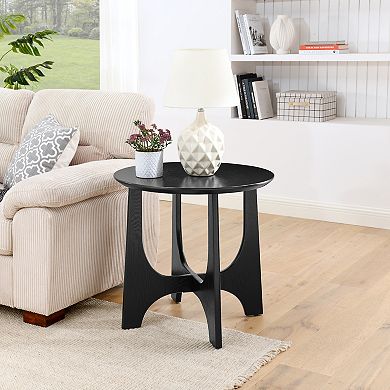 TEINIE 25" Round Wood End Table Nightstand for Living Room Bedroom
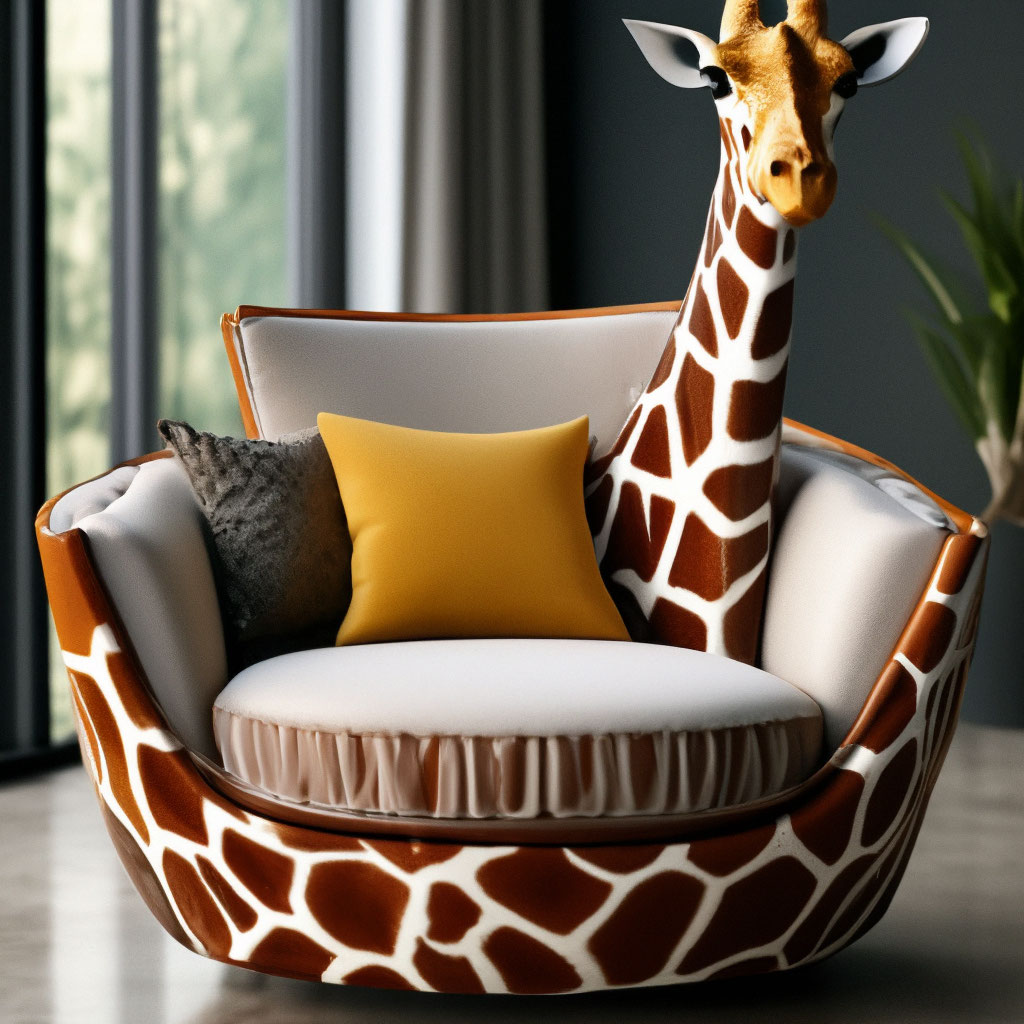 "Sofa design in the form of a giraffe A chair in the style of ...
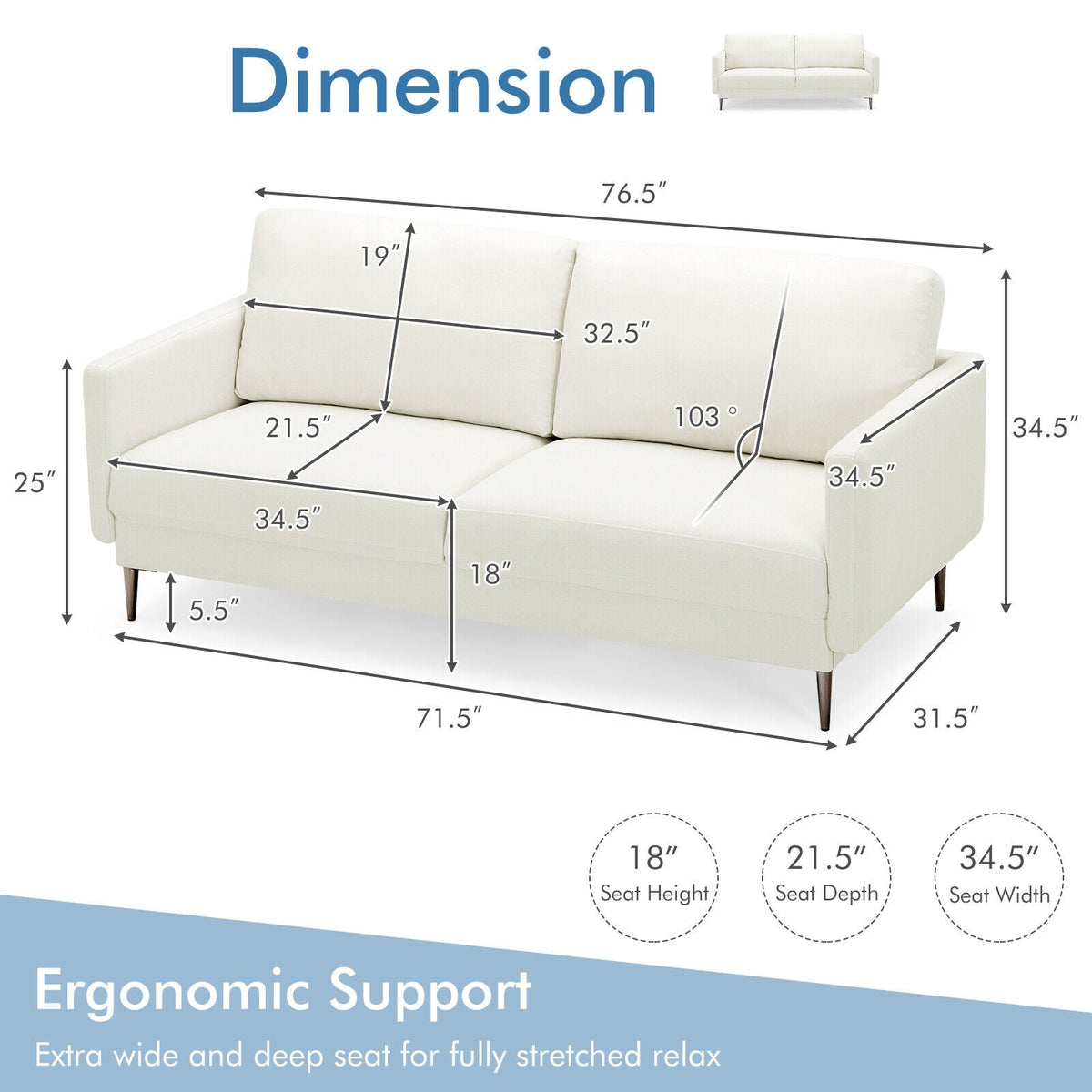 Modern Loveseat with Comfy Backrest Cushions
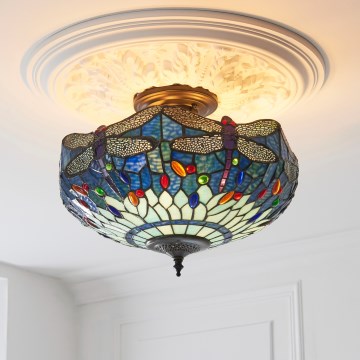 Endon 111897 - Plafonieră Tiffany DRAGONFLY 3xE27/10W/230V Ø 41 cm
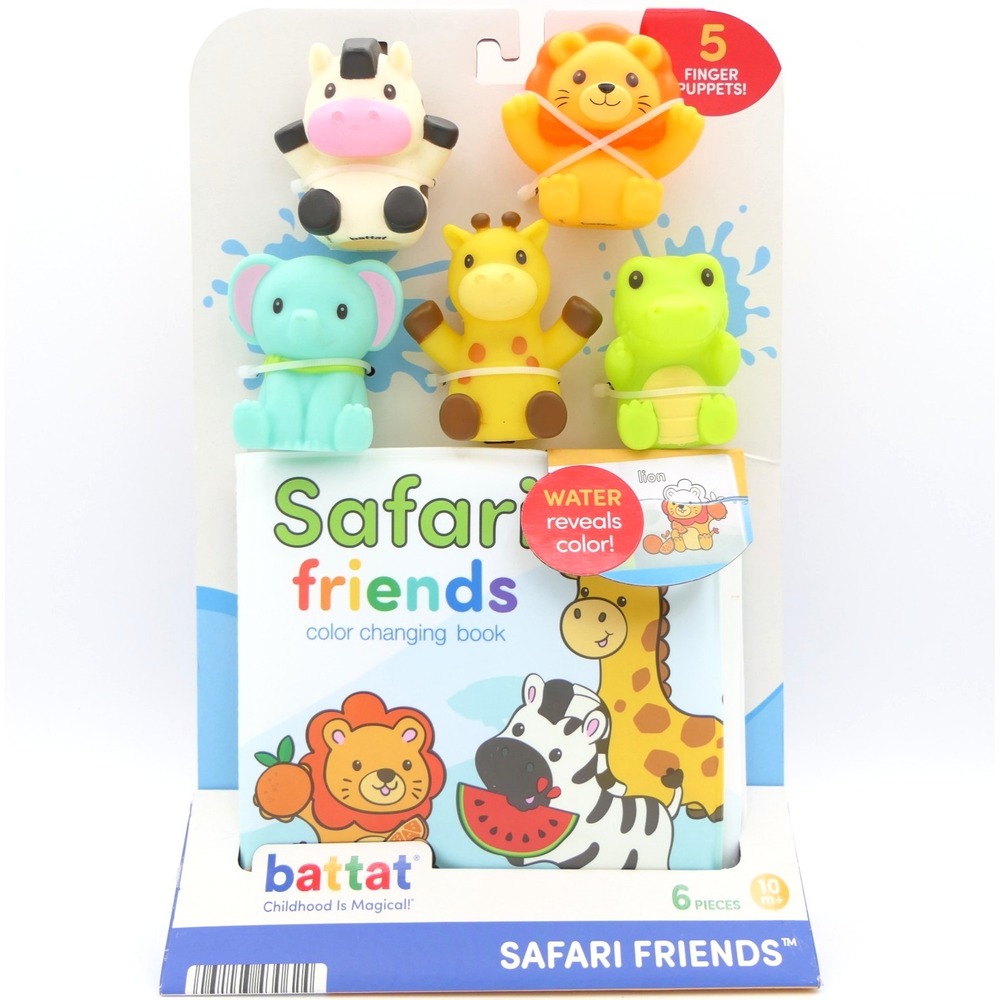 Battat Safari Friends -5 Finger Puppets & Color Changing Book For Bath Time 10M+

::::

All of the data must be given again exactly, without the pictures.

Response below -
 TEINIE 25" Round Wood End Table Nightstand for Living Room Bedroom
 "Sofa design in the form of a giraffe A chair in the style of ...
 Modern Loveseat with Comfy Backrest Cushions
 Endon 111897 - Plafonieră Tiffany DRAGONFLY 3xE27/10W/230V Ø 41 cm
 Battat Safari Friends -5 Finger Puppets & Color Changing Book For Bath Time 10M+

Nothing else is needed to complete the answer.